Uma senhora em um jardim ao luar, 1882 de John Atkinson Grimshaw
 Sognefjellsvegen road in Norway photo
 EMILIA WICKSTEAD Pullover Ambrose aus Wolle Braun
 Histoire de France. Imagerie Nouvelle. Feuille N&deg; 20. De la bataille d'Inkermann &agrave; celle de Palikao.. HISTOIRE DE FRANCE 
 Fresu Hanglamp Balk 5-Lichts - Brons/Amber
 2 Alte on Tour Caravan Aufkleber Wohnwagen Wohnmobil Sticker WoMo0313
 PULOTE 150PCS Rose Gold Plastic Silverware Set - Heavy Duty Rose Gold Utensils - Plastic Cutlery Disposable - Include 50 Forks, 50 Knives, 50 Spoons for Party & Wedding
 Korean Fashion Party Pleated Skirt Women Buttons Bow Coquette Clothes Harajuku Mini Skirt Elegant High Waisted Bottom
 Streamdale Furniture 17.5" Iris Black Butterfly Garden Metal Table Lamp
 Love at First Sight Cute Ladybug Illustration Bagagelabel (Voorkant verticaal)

··········

What you will do - In how many lines of the listing does the word "Party" appear? Give the number and no other words.

Exercise solution - 2